Brunei is accelerating the development and implementation of policies to increase the competitiveness of its small and medium enterprises (SMEs) to diversify the economy amidst lower oil and gas prices, according to the 2018 ASEAN SME Policy Index (ASPI) by the Organisation for Economic Co-operation and Development (OECD).
The report, which monitors and evaluates progress in policies that support SMEs in emerging economies, noted that the Sultanate is still in the early phase of developing SME policies but is advancing rapidly.
Under the eight dimensions of policy measured, Brunei is ahead of the ASEAN median in providing SMEs access to finance and favourable legislation, regulation and tax. However, the Sultanate lags behind in six other dimensions: green SMEs, institutional framework, social enterprises and inclusive SMEs, access to market and internationalisation, entrepreneurial education and skills and productivity, technology and innovation.
Much of the improvements in the institutional and regulatory environment for businesses comes after the establishment of a statutory body for local enterprises Darussalam Enterprise (DARe) which consolidated national measures to develop SMEs and the Ministry of Energy, Manpower and Industry’s (MEMI) initiative to set up the Ease of Doing Business Steering Committee which has driven Brunei’s rise from 105th to 55th in the World Bank’s doing business rankings.
The focus in improving the ease of doing business rankings – which measures 10 indicators affecting a business’ lifecycle – has lead to reductions in the average time needed to start a business from 104.5 days to 12.5 days. The legal framework for getting credit has also greatly improved through wider credit registry coverage and the enabling of movable assets as collateral.
ASPI recommends that Brunei develop an official definition for micro, small and medium enterprises (MSMEs). Relative to other OECD countries, Brunei’s current MSME guideline by the Department of Economic Planning and Development (JPKE) of micro as one to four employees, small as six to 19 employees and medium from 20 to 99 employees may be potentially limiting.

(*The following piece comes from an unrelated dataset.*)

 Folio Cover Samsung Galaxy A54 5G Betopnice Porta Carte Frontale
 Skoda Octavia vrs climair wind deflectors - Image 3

“The upper threshold for classification as a medium-sized enterprise is relatively low… potentially excluding some enterprises that would normally be classified as an SME from development policies and programmes,” it said.
A specific policy for SMEs to leverage on global value chains is also recommended which would provide financial assistance and business linking with larger local enterprises that export or multi-national companies.
ASPI added that a survey should also be conducted to measure the willingness of banks to lend to MSMEs, since there are few targeted programmes for them. However as ASPI’s 2018 assessment was carried out in 2016 to 2017, the report did not factor the more recent establishment of an MSME-focused financial institution Bank Usahawan.
The report also recommended that the government should collaborate more extensively with the private sector and learning institutions in formulating and implementing SME development programmes that can reach different industries and demographics.
DARe’s CEO Javed Ahmad said the report would be useful as a review of current MSME policies as they move to coordinate efforts to improve or create more effective policies.
“With ASPI 2018, I believe it will make things a lot easier as it has provided us with some useful assessments from which we can focus on specific areas for improvements and prioritise our efforts,” he said during the opening of the dissemination seminar.